By understanding key genetic markers such as the MSTN gene, and the connections between height, maturation and respiratory risk, trainers can tailor their methods to meet the unique needs of each horse. Taking into consideration the horse’s temperament and genomic inbreeding value allows for further refinement.
Rocky Savio, Partner and head of track performance for Savio Cannon Thoroughbreds, said, "DNA testing not only helps reduce hereditary disease but also allows for the optimization of breeding and training strategies, leading to stronger, faster, and more resilient horses on the racetrack.” Savio and Michael Cannon’s deep understanding of these strategies is evident in their home-bred stallion, Smooth Like Strait, who achieved remarkable success with six stakes race wins before retiring sound to stand at War Horse Place.
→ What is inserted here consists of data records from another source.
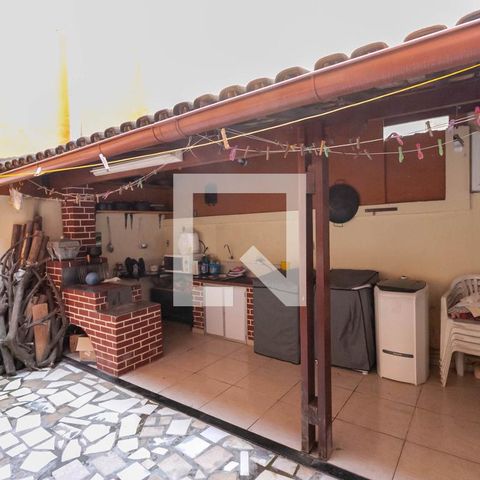 Casa à venda com 405m², 5 quartos e 2 vagasÁrea de Serviço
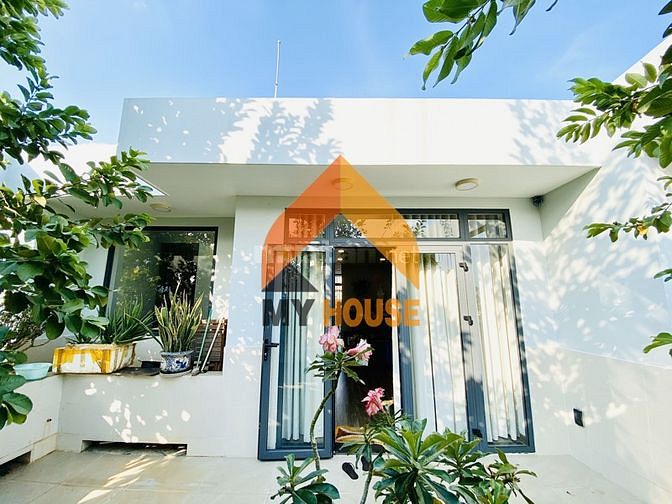 VILLA HIỆN ĐẠI Q2 FULL NỘI THẬT CHÂU ÂU 4PN GIÁ RẺ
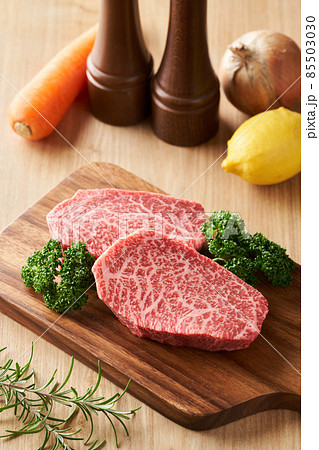 国産和牛　厚切りモモ肉（シンシン） 85503030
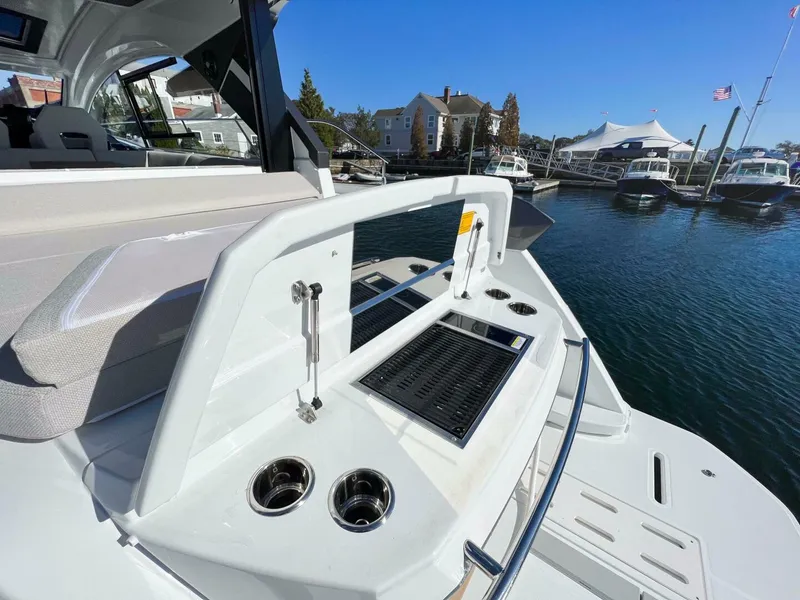 Slide: The Image of Beneteau Gran Turismo 45 2024 - 18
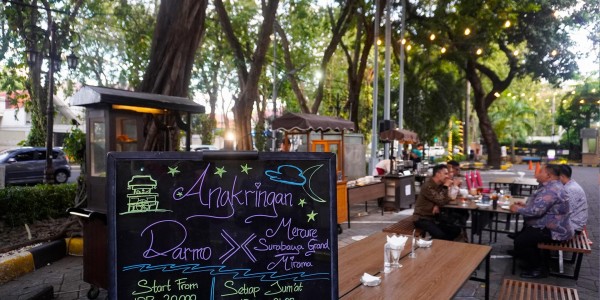 Aneka Kuliner “Pasar Malam Darmo” – Hangatnya Kebersamaan di Jumat Sore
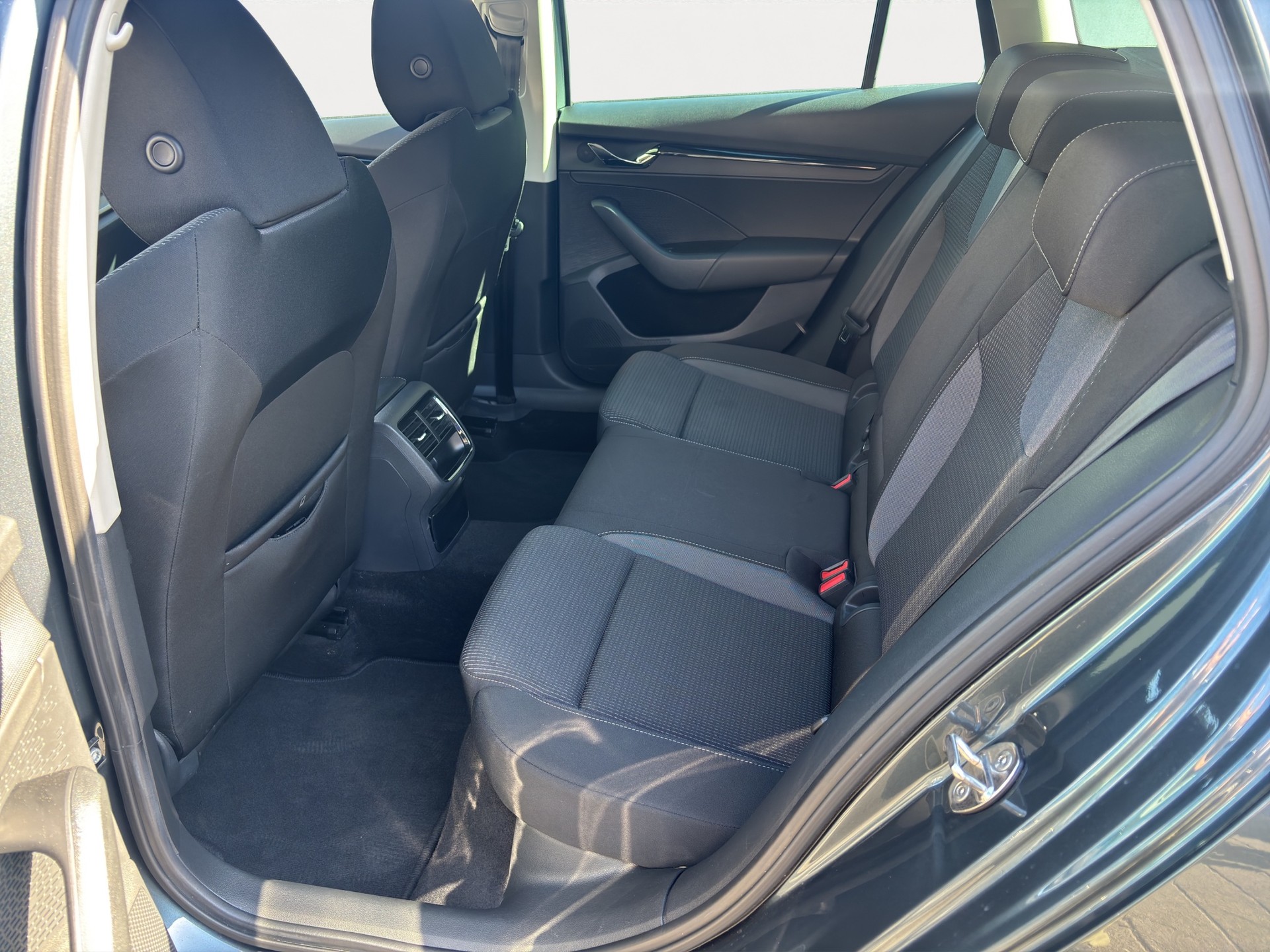 SKODA Octavia Combi 1.0 TSI mHEV DSG Ambition-image-12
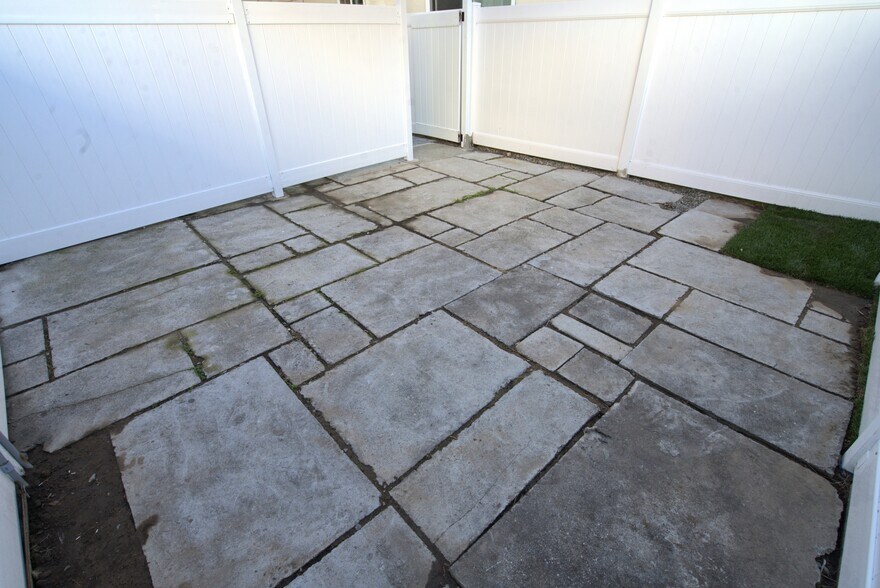 Building Photo - 1123 E Ocean Blvd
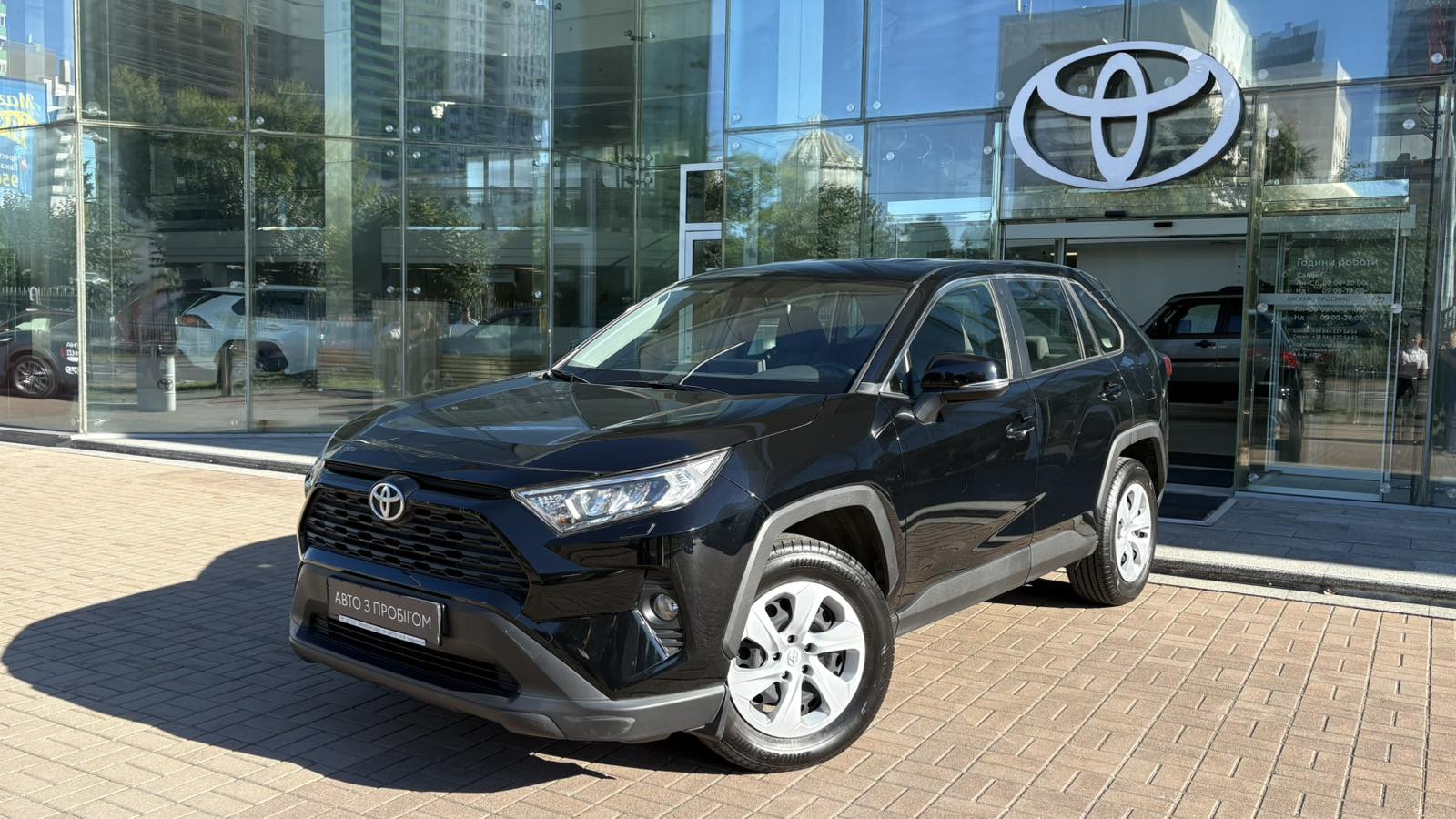 Toyota RAV4 2019 року з пробігом 53919 км, Універсал, Тойота Центр Київ "Автосаміт Укравто", м.Київ - 1292850 ГРН | Фото № 1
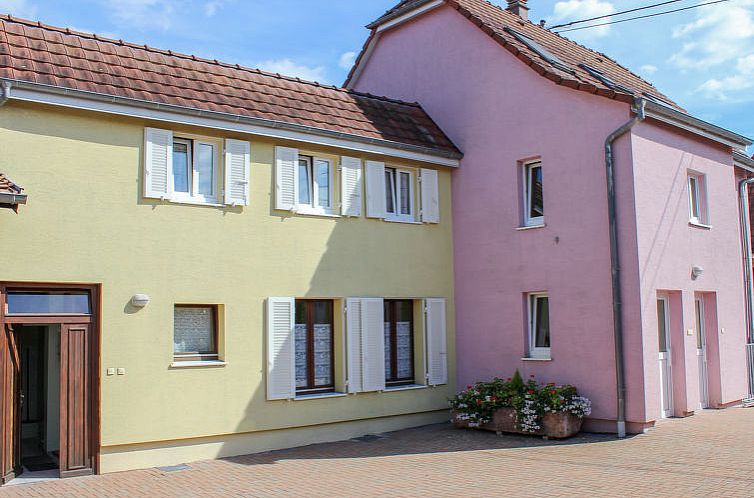 Appartement Résidence jaune et rose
As the science of equine genomics continues to evolve, owners and trainers that incorporate these performance factors into their training programs will be at a distinct advantage—giving their horses the best possible chance to reach the winner’s circle. Performance genetics provide a profound edge, and with the precision of modern DNA analysis, the future of Thoroughbred training is shaping up to be faster, stronger and smarter than ever before.
References
Tozaki, T., Sato, F., Hill, E. M., Miyake, T., Endo, Y., Kakoi, H., Gawahara, H., Hirota, K., Nakano, Y., Nambo, Y., & Kurosawa, M. (2011b). Sequence variants at the myostatin gene locus influence the body composition of Thoroughbred horses. Journal of Veterinary Medical Science, 73(12), 1617-1624.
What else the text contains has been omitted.